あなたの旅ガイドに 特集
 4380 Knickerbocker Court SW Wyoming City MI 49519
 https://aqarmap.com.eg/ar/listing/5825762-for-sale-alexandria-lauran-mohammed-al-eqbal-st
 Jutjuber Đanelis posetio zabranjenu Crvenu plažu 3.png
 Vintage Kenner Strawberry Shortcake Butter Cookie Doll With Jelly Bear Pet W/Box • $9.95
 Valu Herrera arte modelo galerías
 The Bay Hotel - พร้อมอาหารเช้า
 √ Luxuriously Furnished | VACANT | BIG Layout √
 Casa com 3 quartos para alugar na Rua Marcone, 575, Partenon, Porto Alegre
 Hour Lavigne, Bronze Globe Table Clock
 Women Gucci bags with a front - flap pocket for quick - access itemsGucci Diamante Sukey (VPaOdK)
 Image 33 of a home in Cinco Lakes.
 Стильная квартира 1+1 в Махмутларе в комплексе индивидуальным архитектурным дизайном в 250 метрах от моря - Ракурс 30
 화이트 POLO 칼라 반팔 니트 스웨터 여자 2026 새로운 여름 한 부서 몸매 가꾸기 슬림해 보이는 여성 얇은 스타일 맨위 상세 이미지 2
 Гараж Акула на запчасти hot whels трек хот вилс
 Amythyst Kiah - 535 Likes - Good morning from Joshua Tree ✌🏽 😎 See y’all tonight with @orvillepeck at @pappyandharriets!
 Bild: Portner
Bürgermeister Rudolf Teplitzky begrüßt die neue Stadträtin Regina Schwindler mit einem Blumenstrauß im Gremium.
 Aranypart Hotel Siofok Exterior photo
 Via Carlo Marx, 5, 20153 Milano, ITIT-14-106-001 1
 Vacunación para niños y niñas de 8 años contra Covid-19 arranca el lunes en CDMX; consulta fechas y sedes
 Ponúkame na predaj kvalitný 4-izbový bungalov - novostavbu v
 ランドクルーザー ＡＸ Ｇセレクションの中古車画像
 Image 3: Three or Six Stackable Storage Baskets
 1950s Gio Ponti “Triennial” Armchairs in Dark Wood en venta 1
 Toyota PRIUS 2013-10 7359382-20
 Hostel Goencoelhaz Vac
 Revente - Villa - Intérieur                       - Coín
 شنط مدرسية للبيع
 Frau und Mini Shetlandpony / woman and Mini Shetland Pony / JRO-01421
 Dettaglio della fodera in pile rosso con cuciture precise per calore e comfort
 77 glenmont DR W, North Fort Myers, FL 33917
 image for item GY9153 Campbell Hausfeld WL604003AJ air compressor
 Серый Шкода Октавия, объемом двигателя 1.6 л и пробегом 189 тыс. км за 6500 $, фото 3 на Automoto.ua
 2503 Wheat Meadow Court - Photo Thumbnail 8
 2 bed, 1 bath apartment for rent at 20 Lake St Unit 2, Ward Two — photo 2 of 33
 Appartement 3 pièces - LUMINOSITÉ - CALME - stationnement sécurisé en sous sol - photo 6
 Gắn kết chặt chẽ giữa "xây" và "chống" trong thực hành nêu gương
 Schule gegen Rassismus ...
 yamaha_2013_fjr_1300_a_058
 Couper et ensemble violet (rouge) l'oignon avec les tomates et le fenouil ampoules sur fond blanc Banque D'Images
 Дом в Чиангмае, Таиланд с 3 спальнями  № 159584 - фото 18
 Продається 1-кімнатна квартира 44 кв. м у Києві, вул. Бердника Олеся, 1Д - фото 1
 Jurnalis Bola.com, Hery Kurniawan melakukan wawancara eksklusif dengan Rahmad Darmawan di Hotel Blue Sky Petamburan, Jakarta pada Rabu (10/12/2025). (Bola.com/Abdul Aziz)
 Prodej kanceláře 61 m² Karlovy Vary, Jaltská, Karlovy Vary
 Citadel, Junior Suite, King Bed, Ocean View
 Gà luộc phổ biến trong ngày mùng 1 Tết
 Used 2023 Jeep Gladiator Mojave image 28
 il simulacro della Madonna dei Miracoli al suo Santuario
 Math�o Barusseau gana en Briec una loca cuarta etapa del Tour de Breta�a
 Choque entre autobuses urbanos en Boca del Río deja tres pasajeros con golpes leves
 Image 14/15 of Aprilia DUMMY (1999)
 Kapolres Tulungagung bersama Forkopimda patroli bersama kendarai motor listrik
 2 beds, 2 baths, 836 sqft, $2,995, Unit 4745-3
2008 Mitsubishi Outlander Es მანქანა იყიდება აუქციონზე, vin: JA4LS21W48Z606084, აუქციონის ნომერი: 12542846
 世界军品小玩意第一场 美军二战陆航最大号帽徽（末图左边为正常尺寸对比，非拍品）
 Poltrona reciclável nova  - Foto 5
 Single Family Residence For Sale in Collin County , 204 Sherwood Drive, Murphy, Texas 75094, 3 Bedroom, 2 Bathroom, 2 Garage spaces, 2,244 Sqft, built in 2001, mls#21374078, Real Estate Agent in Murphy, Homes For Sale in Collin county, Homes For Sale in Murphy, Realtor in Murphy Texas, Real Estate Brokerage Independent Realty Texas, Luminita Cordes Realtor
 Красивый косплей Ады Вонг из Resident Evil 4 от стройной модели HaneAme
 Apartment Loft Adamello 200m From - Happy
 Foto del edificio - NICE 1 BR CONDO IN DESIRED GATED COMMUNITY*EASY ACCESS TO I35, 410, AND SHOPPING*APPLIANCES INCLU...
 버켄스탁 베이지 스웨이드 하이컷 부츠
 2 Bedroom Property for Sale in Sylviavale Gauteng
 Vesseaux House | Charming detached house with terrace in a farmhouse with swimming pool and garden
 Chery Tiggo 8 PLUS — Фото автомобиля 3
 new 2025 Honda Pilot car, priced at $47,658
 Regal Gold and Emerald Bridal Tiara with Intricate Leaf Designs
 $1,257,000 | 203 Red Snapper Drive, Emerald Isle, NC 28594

----------------------------------------

## Exercise requirements
Starting at the top of the records, copy every line exactly.

## Answer to the problem
あなたの旅ガイドに 特集
 4380 Knickerbocker Court SW Wyoming City MI 49519
 https://aqarmap.com.eg/ar/listing/5825762-for-sale-alexandria-lauran-mohammed-al-eqbal-st
 Jutjuber Đanelis posetio zabranjenu Crvenu plažu 3.png
 Vintage Kenner Strawberry Shortcake Butter Cookie Doll With Jelly Bear Pet W/Box • $9.95
 Valu Herrera arte modelo galerías
 The Bay Hotel - พร้อมอาหารเช้า
 √ Luxuriously Furnished | VACANT | BIG Layout √
 Casa com 3 quartos para alugar na Rua Marcone, 575, Partenon, Porto Alegre
 Hour Lavigne, Bronze Globe Table Clock
 Women Gucci bags with a front - flap pocket for quick - access itemsGucci Diamante Sukey (VPaOdK)
 Image 33 of a home in Cinco Lakes.
 Стильная квартира 1+1 в Махмутларе в комплексе индивидуальным архитектурным дизайном в 250 метрах от моря - Ракурс 30
 화이트 POLO 칼라 반팔 니트 스웨터 여자 2026 새로운 여름 한 부서 몸매 가꾸기 슬림해 보이는 여성 얇은 스타일 맨위 상세 이미지 2
 Гараж Акула на запчасти hot whels трек хот вилс
 Amythyst Kiah - 535 Likes - Good morning from Joshua Tree ✌🏽 😎 See y’all tonight with @orvillepeck at @pappyandharriets!
 Bild: Portner
Bürgermeister Rudolf Teplitzky begrüßt die neue Stadträtin Regina Schwindler mit einem Blumenstrauß im Gremium.
 Aranypart Hotel Siofok Exterior photo
 Via Carlo Marx, 5, 20153 Milano, ITIT-14-106-001 1
 Vacunación para niños y niñas de 8 años contra Covid-19 arranca el lunes en CDMX; consulta fechas y sedes
 Ponúkame na predaj kvalitný 4-izbový bungalov - novostavbu v
 ランドクルーザー ＡＸ Ｇセレクションの中古車画像
 Image 3: Three or Six Stackable Storage Baskets
 1950s Gio Ponti “Triennial” Armchairs in Dark Wood en venta 1
 Toyota PRIUS 2013-10 7359382-20
 Hostel Goencoelhaz Vac
 Revente - Villa - Intérieur                       - Coín
 شنط مدرسية للبيع
 Frau und Mini Shetlandpony / woman and Mini Shetland Pony / JRO-01421
 Dettaglio della fodera in pile rosso con cuciture precise per calore e comfort
 77 glenmont DR W, North Fort Myers, FL 33917
 image for item GY9153 Campbell Hausfeld WL604003AJ air compressor
 Серый Шкода Октавия, объемом двигателя 1.6 л и пробегом 189 тыс. км за 6500 $, фото 3 на Automoto.ua
 2503 Wheat Meadow Court - Photo Thumbnail 8
 2 bed, 1 bath apartment for rent at 20 Lake St Unit 2, Ward Two — photo 2 of 33
 Appartement 3 pièces - LUMINOSITÉ - CALME - stationnement sécurisé en sous sol - photo 6
 Gắn kết chặt chẽ giữa "xây" và "chống" trong thực hành nêu gương
 Schule gegen Rassismus ...
 yamaha_2013_fjr_1300_a_058
 Couper et ensemble violet (rouge) l'oignon avec les tomates et le fenouil ampoules sur fond blanc Banque D'Images
 Дом в Чиангмае, Таиланд с 3 спальнями  № 159584 - фото 18
 Продається 1-кімнатна квартира 44 кв. м у Києві, вул. Бердника Олеся, 1Д - фото 1
 Jurnalis Bola.com, Hery Kurniawan melakukan wawancara eksklusif dengan Rahmad Darmawan di Hotel Blue Sky Petamburan, Jakarta pada Rabu (10/12/2025). (Bola.com/Abdul Aziz)
 Prodej kanceláře 61 m² Karlovy Vary, Jaltská, Karlovy Vary
 Citadel, Junior Suite, King Bed, Ocean View
 Gà luộc phổ biến trong ngày mùng 1 Tết
 Used 2023 Jeep Gladiator Mojave image 28
 il simulacro della Madonna dei Miracoli al suo Santuario
 Math�o Barusseau gana en Briec una loca cuarta etapa del Tour de Breta�a
 Choque entre autobuses urbanos en Boca del Río deja tres pasajeros con golpes leves
 Image 14/15 of Aprilia DUMMY (1999)
 Kapolres Tulungagung bersama Forkopimda patroli bersama kendarai motor listrik
 2 beds, 2 baths, 836 sqft, $2,995, Unit 4745-3
2008 Mitsubishi Outlander Es მანქანა იყიდება აუქციონზე, vin: JA4LS21W48Z606084, აუქციონის ნომერი: 12542846
 世界军品小玩意第一场 美军二战陆航最大号帽徽（末图左边为正常尺寸对比，非拍品）
 Poltrona reciclável nova  - Foto 5
 Single Family Residence For Sale in Collin County , 204 Sherwood Drive, Murphy, Texas 75094, 3 Bedroom, 2 Bathroom, 2 Garage spaces, 2,244 Sqft, built in 2001, mls#21374078, Real Estate Agent in Murphy, Homes For Sale in Collin county, Homes For Sale in Murphy, Realtor in Murphy Texas, Real Estate Brokerage Independent Realty Texas, Luminita Cordes Realtor
 Красивый косплей Ады Вонг из Resident Evil 4 от стройной модели HaneAme
 Apartment Loft Adamello 200m From - Happy
 Foto del edificio - NICE 1 BR CONDO IN DESIRED GATED COMMUNITY*EASY ACCESS TO I35, 410, AND SHOPPING*APPLIANCES INCLU...
 버켄스탁 베이지 스웨이드 하이컷 부츠
 2 Bedroom Property for Sale in Sylviavale Gauteng
 Vesseaux House | Charming detached house with terrace in a farmhouse with swimming pool and garden
 Chery Tiggo 8 PLUS — Фото автомобиля 3
 new 2025 Honda Pilot car, priced at $47,658
 Regal Gold and Emerald Bridal Tiara with Intricate Leaf Designs
 $1,257,000 | 203 Red Snapper Drive, Emerald Isle, NC 28594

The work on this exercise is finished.